Roadside safety checks of commercial vehicles will include inspections to ensure that lorries have not been fitted with devices giving false emission readings, the Department for Transport (DfT) has announced.
The DVSA enforcement staff – as well as European counterparts – had found evidence of drivers and operators using “emissions cheat devices” to cut operating costs. These include the use of devices designed to prevent emissions control systems working; illegal engine modifications which cause excessive emission; and the removal of a vehicle’s diesel particulate filter, or “trap”.
Other reported incidents include the use of fake emission reduction devices, illegal engine modifications and removal of exhaust gas recirculation values.
The police and DVSA can carry out spot checks on commercial vehicles at the roadside, predominantly to ensure that the vehicle is roadworthy and that all necessary licences for their operation are in place.

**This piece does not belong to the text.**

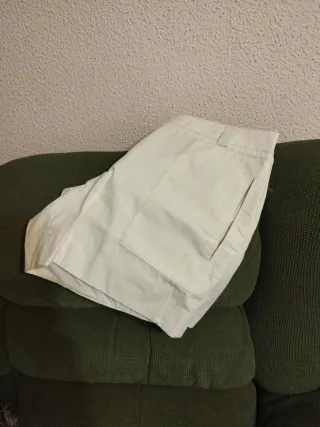 Pantalones cortos beige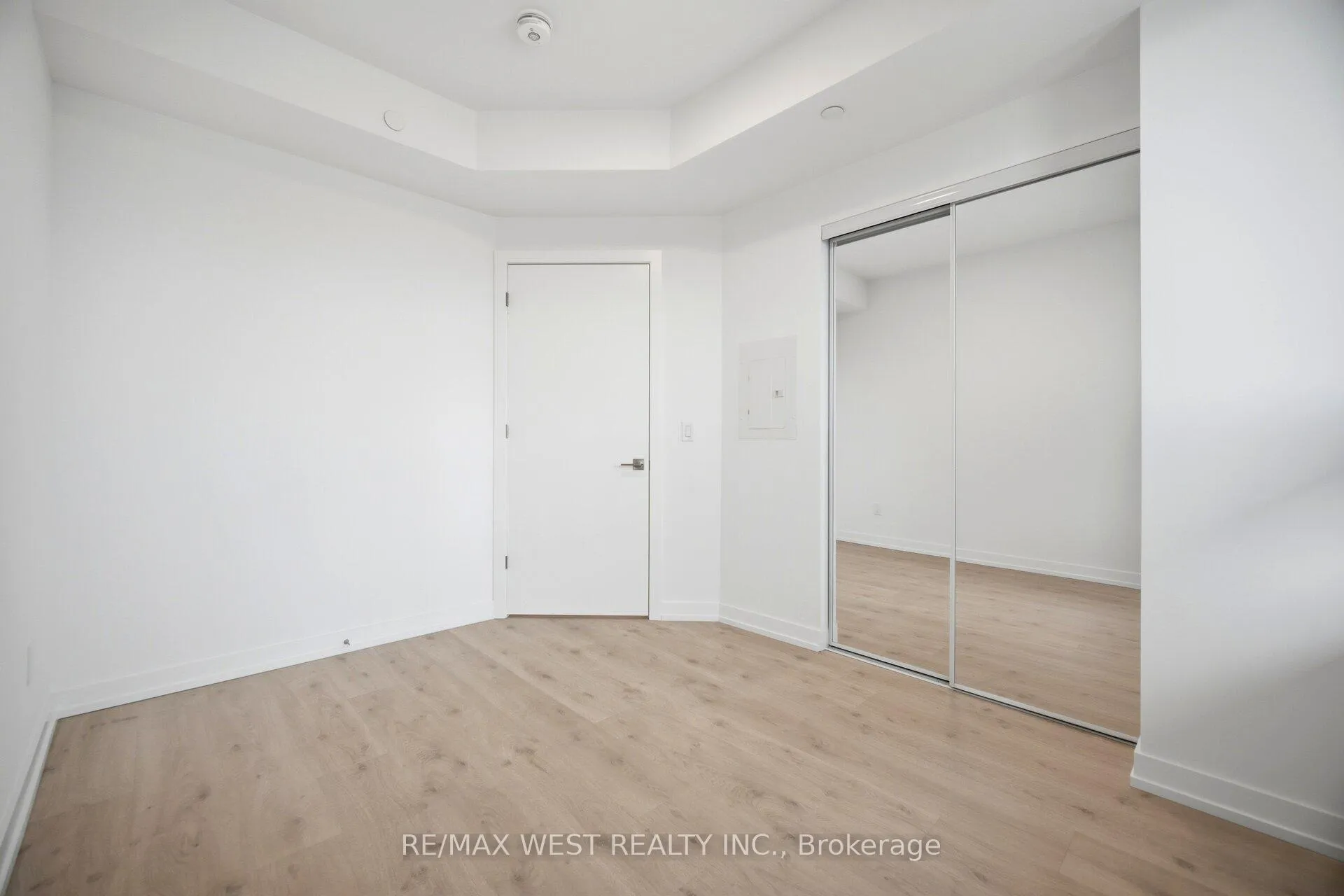 Photo 20 of Unit 626, 2501 Saw Whet Boulevard, Oakville, Glen Abbey — HOMEH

DVSA say it will investigate all operations found to be using these methods and pass the findings to the Traffic Commissioner, which has the power to remove operator licences.
Gareth Llewellyn, DVSA chief executive, said: “DVSA’s priority is to protect you from unsafe drivers and vehicles. We are committed to taking dangerous vehicles off Britain’s roads and this new initiative to target emissions fraud is a key part of that.
“Anyone who flouts the law is putting other road users, and the quality of our air, at risk. We won’t hesitate to take these drivers, operators and vehicles off our roads.”
Transport Minister Jesse Norman, said: “I welcome this crackdown on rogue hauliers who cheat the system by installing bogus devices which lead to increased pollution.
“There has rightly been a huge public outcry against car manufacturers that have been cheating emissions standards, and the same rule should apply here too.
“We all need clean air in which to live and work. That’s why the government has committed more than £2 billion since 2011 to support greener transport.”